**WHAT YOU ARE ASKED TO DO:** Among the records that follow, set down only the lines from the one containing "KMC Perfect Fit" to the one containing "紳士服コナカ 一関店の地図画像", both included, exactly.

**ENTRIES PROVIDED:**

*** Begin section ***

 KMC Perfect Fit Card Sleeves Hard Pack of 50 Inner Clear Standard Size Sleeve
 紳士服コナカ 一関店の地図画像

*** End section ***
*** Begin section ***

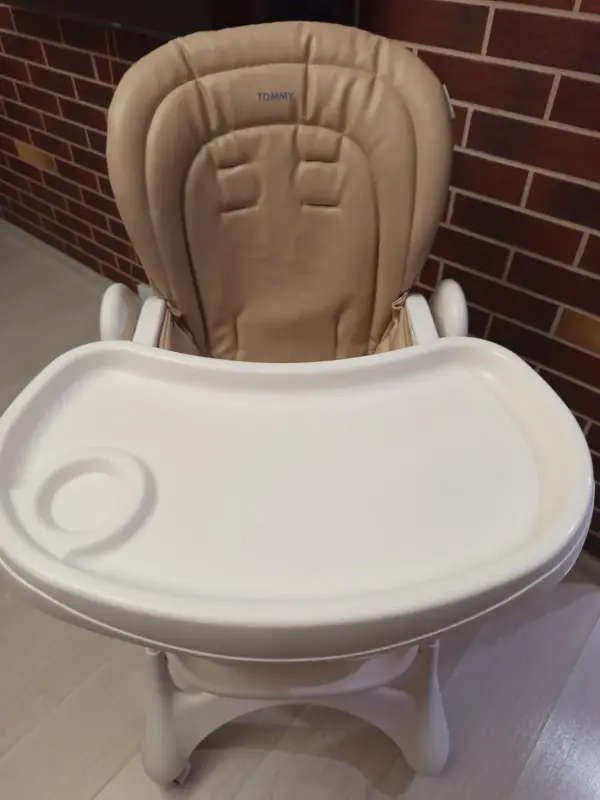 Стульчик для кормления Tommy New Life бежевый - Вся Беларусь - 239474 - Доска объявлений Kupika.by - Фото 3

*** End section ***

**RESULT OF THE TASK:**
 KMC Perfect Fit Card Sleeves Hard Pack of 50 Inner Clear Standard Size Sleeve
 紳士服コナカ 一関店の地図画像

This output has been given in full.